In 2021, Raga ran for the New York City Council in the 26th district. He was defeated in the Democratic primary election with 3.2% of the vote.

== New York State Assembly ==
Raga is a Democrat. In 2022, he ran for New York State Assembly in District 30. He was first elected to the Assembly on November 8, 2022, defeating Republican Sean Lally. Raga is the first Filipino American to be elected to the New York State Legislature. He was re-elected in 2024.

Assembly District 30 includes portions of Woodside, Jackson Heights, Elmhurst and Maspeth in the New York City borough of Queens.

Raga proposed New York State legislation for the State of New York to install 150 speed cameras to catch drivers who double park their vehicles in New York City only.

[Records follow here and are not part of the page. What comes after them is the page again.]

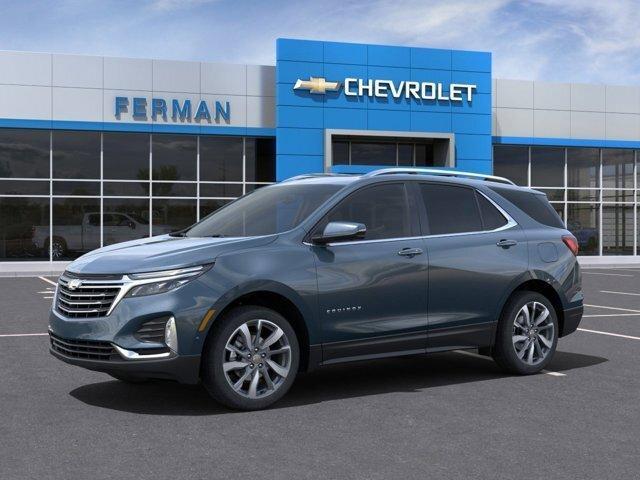 new 2024 Chevrolet Equinox car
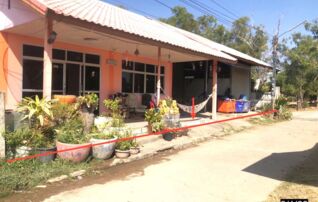 ทรัพย์ธนาคารโดย KASIKORNBANK บ้านเดี่ยว ซอยหนองหูลิง - กกตาล 1 ถนนบูรพา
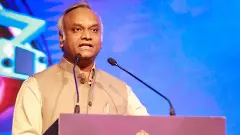 Karnataka minister Priyank Kharge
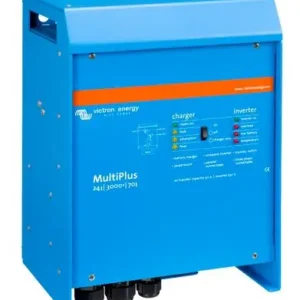 Image of Victron Energy MultiPlus 24/3000/70-50 120V VE.Bus (UL 1741) Inverter Charger PMP242301102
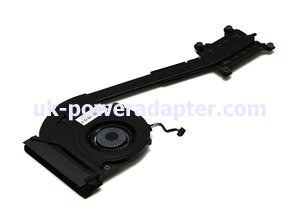 HP EliteBook 840 G3 Cooling Heatsink and Fan NS65C00-14M16 821163-001 - Click Image to Close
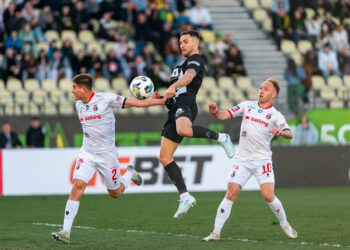 «Верес» перервав свою безгольову серію і здобув нічийний результат у матчі із «Поліссям»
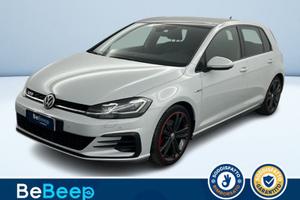 Volkswagen Golf 5P 2.0 TDI GTD 184CV DSG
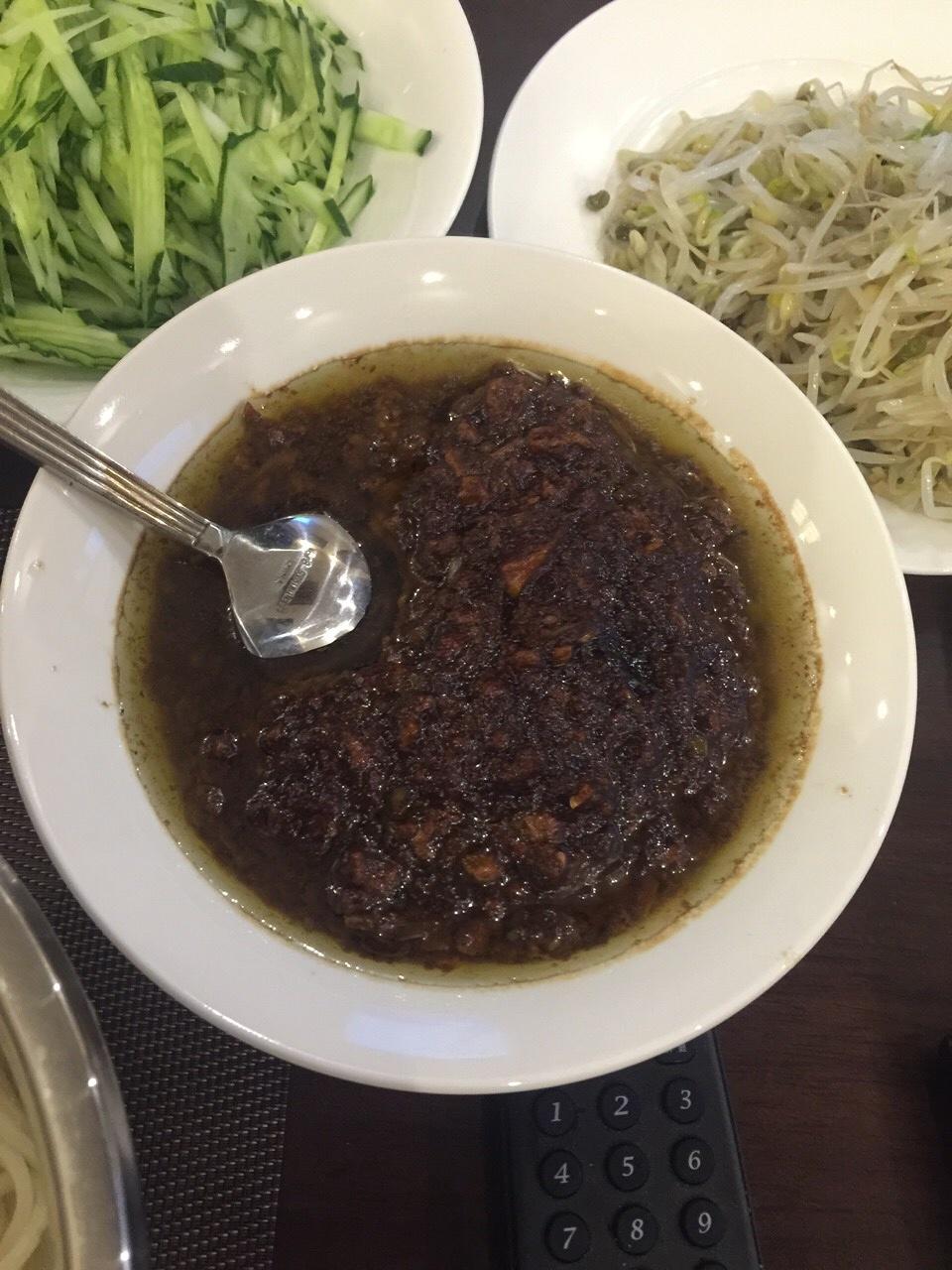秘制炸酱的做法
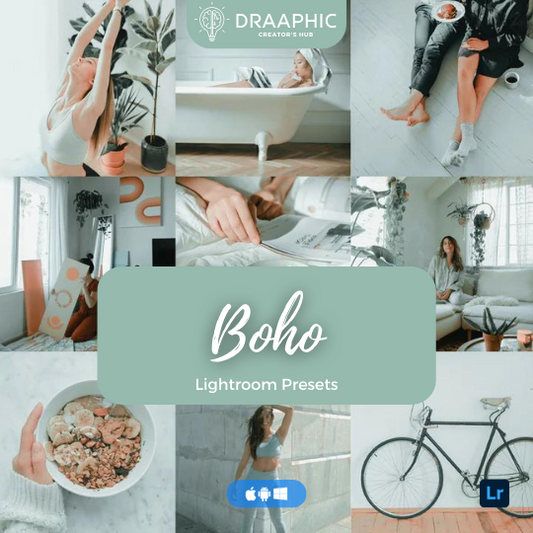 Boho - Presets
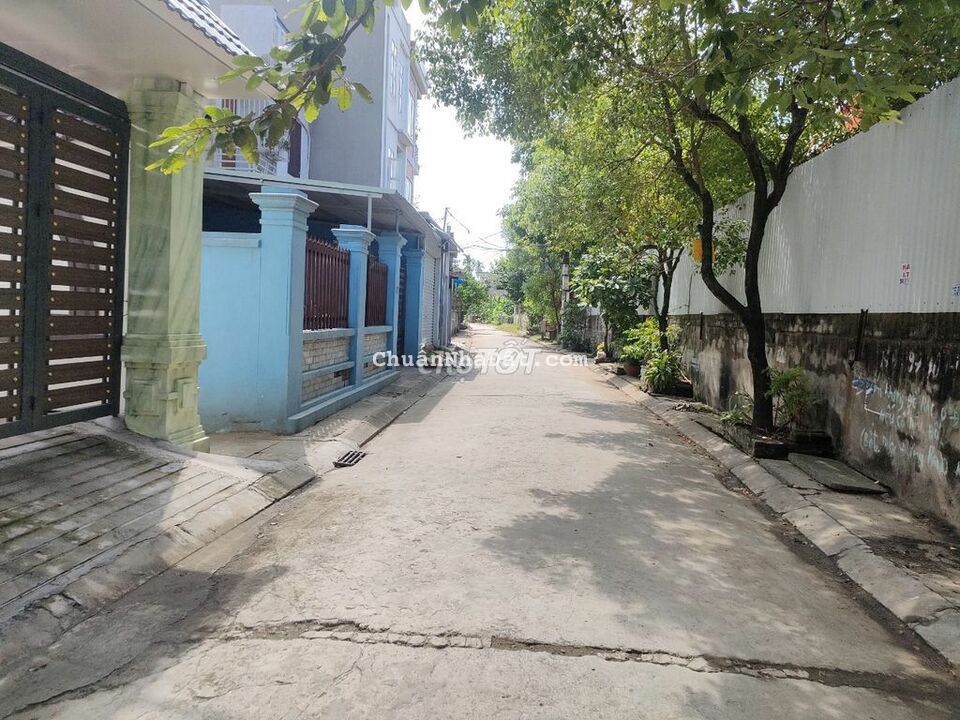 Lô đất 61m2 tại Quỳnh Cư 1, phường Hùng Vương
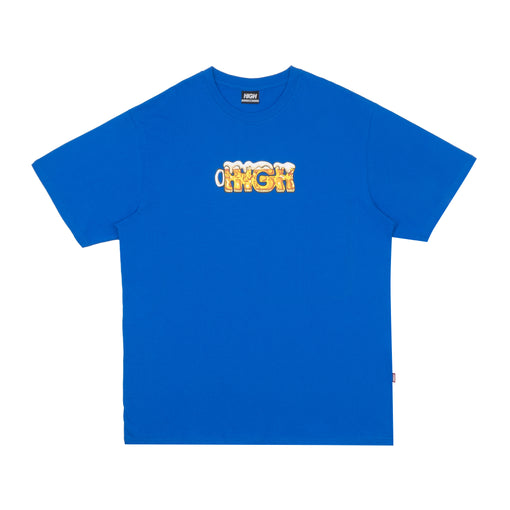 Camiseta High "Beer" Azul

Drivers who double park their cars will automatically be fined with the new technology when installed.

Raga introduced a bill that would add caste to the list of types of discrimination prohibited in public accommodations in New York state.

==New York State Senate==
On Saturday, February 21, 2026, Raga announced he is running for the New York State Senate to replace retiring Senator Michael Gianaris in District 12. The announcement was made on the corner of 46^{th} Street and Queens Boulevard underneath the 7 train subway line.

Raga lost the Democratic primary election in June 2026 to Aber Kawas.